Given data:
───

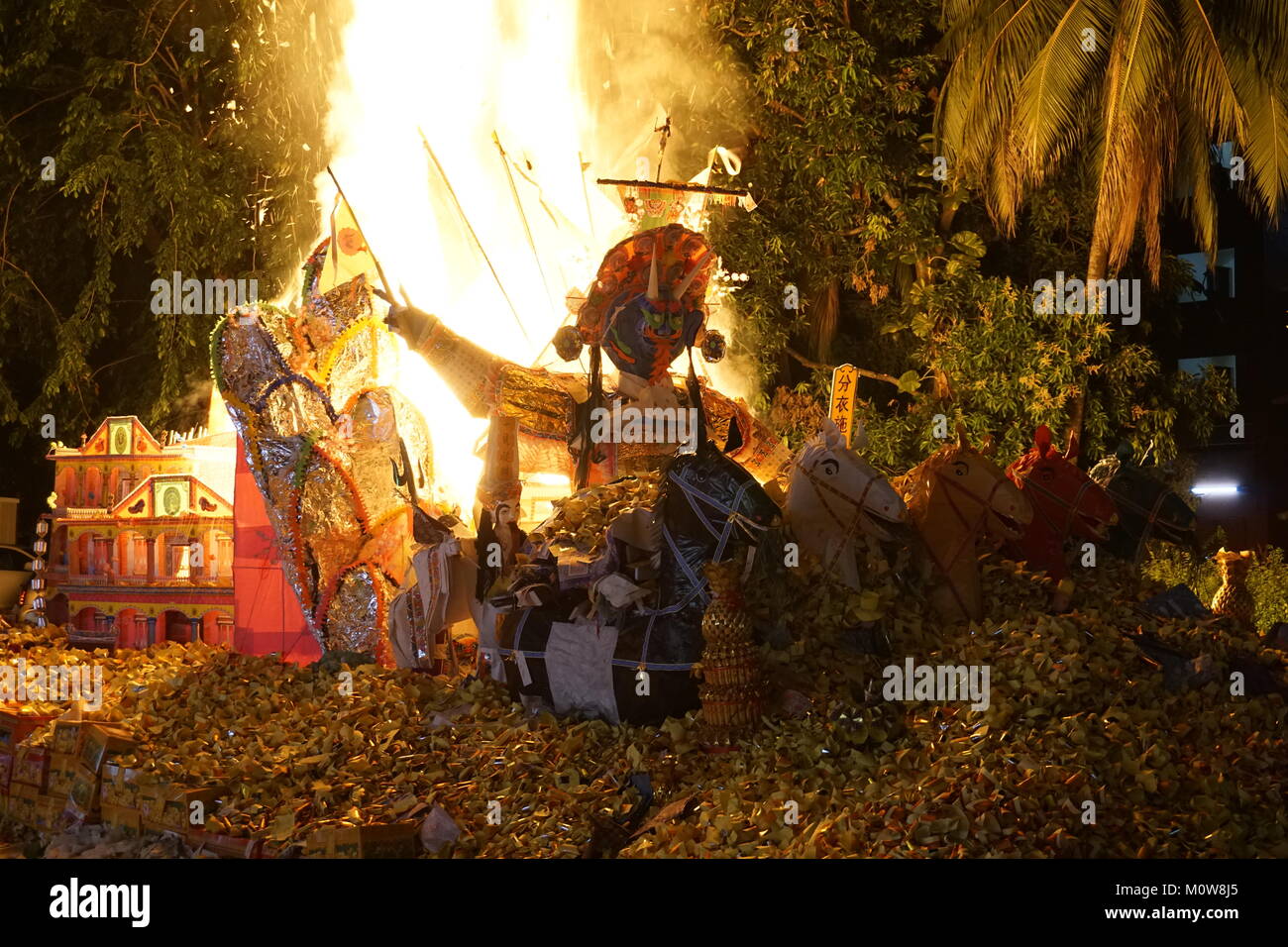Effigie géante du Tai Su Ouais, plié lingots et joss paper entassés sur la route et brûlé comme l'épargne à la dernière nuit du Festival Esprit affamé Banque D'Images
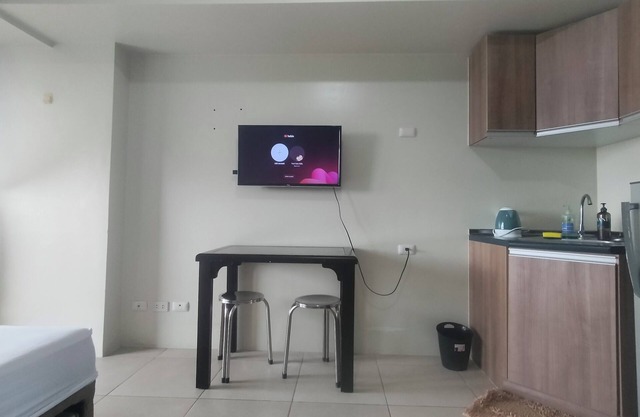 Cozy Studio w/balcony & CityView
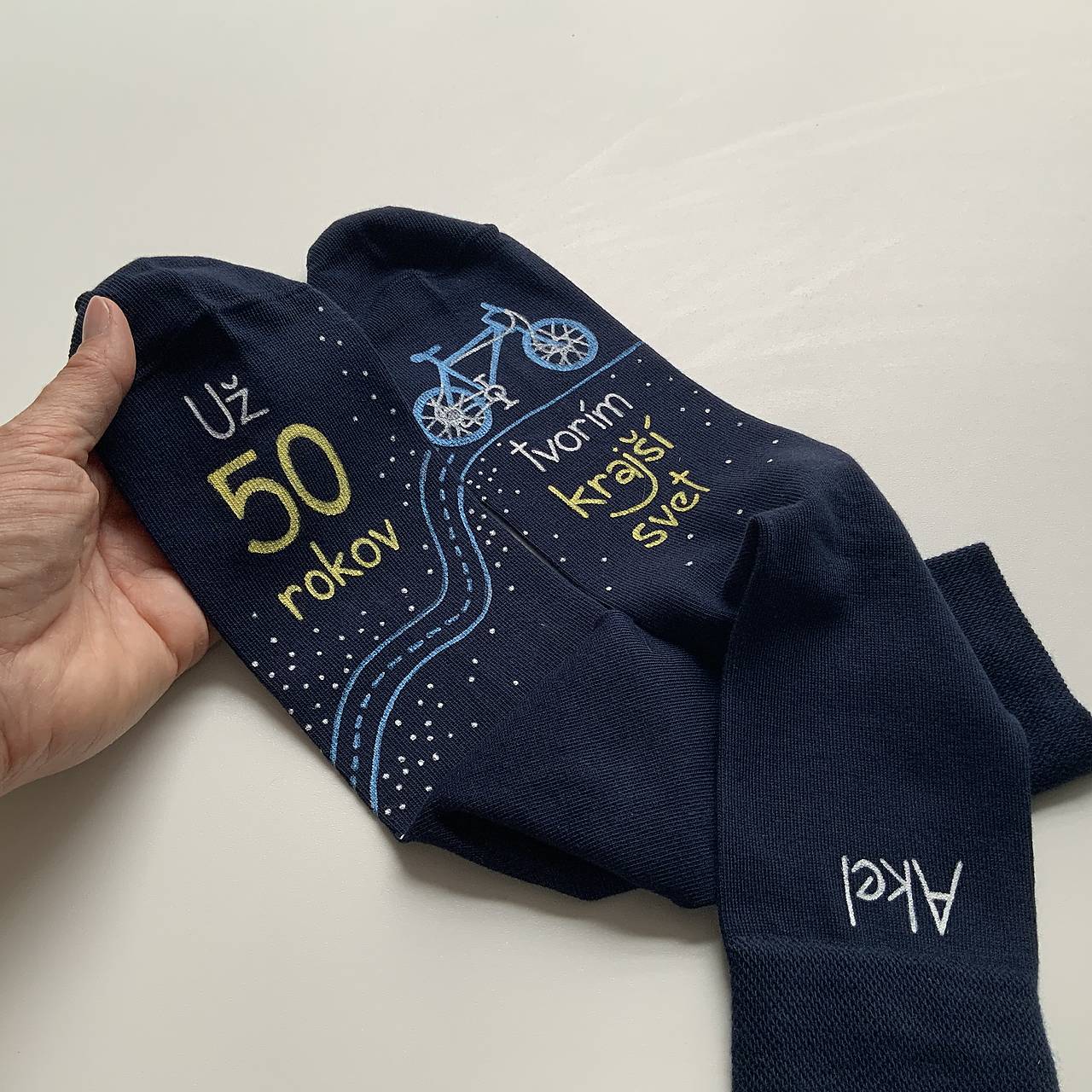 Maľované čierne ponožky k narodeninám (tmavomodré s bicyklom a menom)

───

Work to complete: A word-for-word copy of the listing is needed. It must not include the pictures.

Solution for this problem:
Effigie géante du Tai Su Ouais, plié lingots et joss paper entassés sur la route et brûlé comme l'épargne à la dernière nuit du Festival Esprit affamé Banque D'Images
 Cozy Studio w/balcony & CityView
 Maľované čierne ponožky k narodeninám (tmavomodré s bicyklom a menom)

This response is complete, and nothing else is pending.